[Biopython-dev] [Bug 2502] PSIBlastParser fails with blastpgp 2.2.18 though works with blastpgp 2.2.15
bugzilla-daemon at portal.open-bio.org
bugzilla-daemon at portal.open-bio.org
Fri May 23 10:45:58 UTC 2008
http://bugzilla.open-bio.org/show_bug.cgi?id=2502
------- Comment #5 from ibdeno at gmail.com 2008-05-23 06:45 EST -------
Hi Peter,
Thank you. The problem must be then with the blastpgp call from Biopython,
since my code was trying to obtain plain text via the align_view='0' option:
blast_out, error_info = NCBIStandalone.blastpgp(
blastcmd='/home/mortiz/Progs/blast-2.2.15/bin/blastpgp',
database='/drives/databases/BlastDB/nrdb100ncbi',
infile=file,
npasses=passes,
align_view='0',
matrix_outfile=file + '.nrdb100ncbi.pssm')
However, when I print the result of this call with the handler you proposed:
handle = open("blastpgp_2.2.18.txt","w")
handle.write(blast_out.read())
handle.close()
I actually get plain text!
The same blastpgp call (same binary, same database, same input file sequence,
same number of PSI-Blast iterations) still gives the error reported in the bug
with version 2.2.18, but works all right with 2.2.15.
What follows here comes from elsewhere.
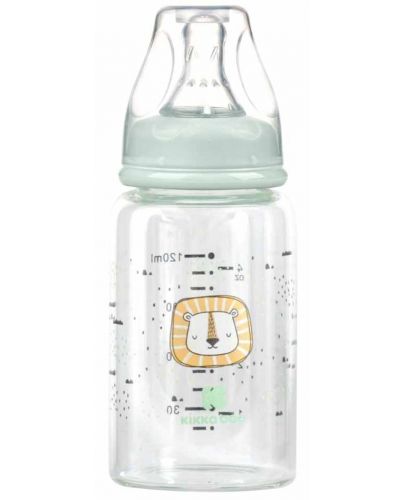 Бебешко стъклено шише KikkaBoo Savanna - 120 ml, мента - 1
Because the error appears within seconds, I'm wondering if the parser is not
trying to read the results before blastpgp has actually finished the iterations
(about 3 minutes in my test)
I'm without a clue...
Miguel
(In reply to comment #4)
> I've worked out that the original problem was use to trying to parse XML output
> with the Bio.Blast.NCBIStandalone.PSIBlastParser (which expects the plain text
> output only). Perhaps the error message could be more helpful in this
> situation?
>
> I'm using Biopython from CVS, but it seems to parse the plain text output from
> both 2.2.15 and 2.2.18 fine. Here is a modified version of your code which
> reads from the example plain text files provided:
>
> #!/usr/bin/env python
> #
> import os, re, string, operator
> from Bio.Blast import NCBIStandalone
> from sys import *
>
> E_VALUE_THRESH = 0.005
>
> nolf = re.compile('\n')
> nogaps = re.compile('-')
>
> blast_out = open("blastpgp.2.2.18.txt")
> b_parser = NCBIStandalone.PSIBlastParser()
> b_record = b_parser.parse(blast_out)
>
> if b_record.converged == 1:
> print '*** Converged!!! ***'
>
> fastaout = open('test_psiblast.fasta','w')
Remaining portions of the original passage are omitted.